Also, what does it mean that “In this plan, a boulderer would do 2 skill/bouldering sessions for each of the training sessions”? Does this mean for each of the 4 kinds of sessions we start with a skill session and end with a bouldering session? (i.e. skill session, integrated strength, then finish with bouldering session?) or does it mean we do a day of training, and then the next 2 days are skill/bouldering? Because the example plan has a 5 session cycle, so i dont see how 1:2 works?
What I think may be the case is that this is the same as the level 1 logical progression, but with capacity bouldering instead of intesnive endurance, and with ‘Bouldering Day’ instead of ‘volume’ or ‘red point’ days.
Thanks!
Hey Andrew,
Thanks for getting in touch. I have gone through a lot of iterations of how this can be put together, and I apologize for the confusion. By all means, keep it as simple as possible. At the very basic level, you need to decide if you want to integrate your performance days outside with the training, or to run them separately. If you are simply using climbing days as part of the training, do a three session cycle:
1. Integrated Strength in the gym
2. Hard bouldering / some Limit Bouldering (your In A Day level should be the anchor here)
3. Volume bouldering or circuits – aim is more movement practice and capacity
If you are less structured in your bouldering days outside, just go have fun those days, try some hard stuff, do what feels right. Then at the gym, alternate between
1. Integrated Strength
2. A Power Boulder / Campus session
3. An interval-based conditioning session
Either method works well.
Steve
Hello Steve,
I was wondering about the V-sum increase. You state that you should increase around 5% per session.
Should this increase be found in adding more problems of the same (or lower grades, in case I run out of boulders of that grade in the gym), or should it be found in swapping out easier problems for harder problems?
Kind regards and thanks in advance,
Tom
Tom!
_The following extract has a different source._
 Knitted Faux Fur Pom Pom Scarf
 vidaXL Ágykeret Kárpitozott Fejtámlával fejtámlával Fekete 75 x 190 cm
This is so crazy… But I never got the notification that you posted here. Usually, I am pretty good about answering in the forum. When we are trying to increase V-sum, it is almost always about capacity. We want more total volume and that comes from doing more easier problems. Once we start increasing the intensity of the problems, the climber naturally needs more rest. I like to see climbers, chasing a higher average V grade part of the year and chasing a higher sum when we are trying to build capacity. Again… Apologies for the huge delay in posting.